It's a big shame that Southern shows are not better attended,especially for the people who organize them.The varieties of mice also suffer from the lack of competion that makes us all strive to improve them.Not much competition ,not much striving....Theres only one way to improve things,attend and make a few entries.I had a lovely day chatting to fellow fanciers new and old ,a lunchtime visit to the pub and I also picked up two new mice.Good outcome for the whisker chewers and last but not least a win for me and Cait.Happy days.Well done Ian for your blue stud buck.


----------



## Halcyon (Mar 30, 2009)

the hall did feel a little empty at points, but I think most people were in the pub 

Lisa


----------



## SarahC (Oct 3, 2008)

touche


----------



## ian (Oct 3, 2008)

The best shows are the joint shows with rabbits or poultry and the argicultural shows, it makes it more of a day out and theres more to see. Although there is the risk of being tempted into breeding guinea pigs and curly headed ducks or something, it can be dangerous.

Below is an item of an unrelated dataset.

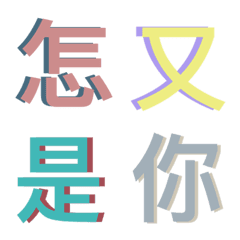 [LINE絵文字] Yes, I am from Taichung 2の画像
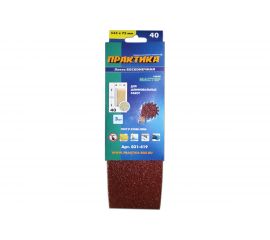 Лента шлифовальная (3 шт; 75х533 мм; P40) ПРАКТИКА 031-419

Enfield wasn't as dead as Stafford was at christmas, that was a joint show so that made up for it but it felt like the mice had been shoved in a quiet corner and forgotten about! As I haven't been to any Northern shows most of the shows I've been to have been fairly similar to Enfield. I'm hoping to make a big trip up North over the summer I'm looking forward to it.


----------



## Cait (Oct 3, 2008)

Hi Ian

It's definitely worth coming to a northern show as you'll meet more people that way. While the agricultural shows are good in terms of a day out, if you've gone to meet people and get sorted out with stock or advice etc then you may struggle as other exhibitors are also enjoying a day out and often leave the show tent! At places like Sowood and Manchester you get more of a chance for a natter


----------



## Seawatch Stud (Feb 8, 2009)

Hello everyone, was great seeing so many people there off the forum.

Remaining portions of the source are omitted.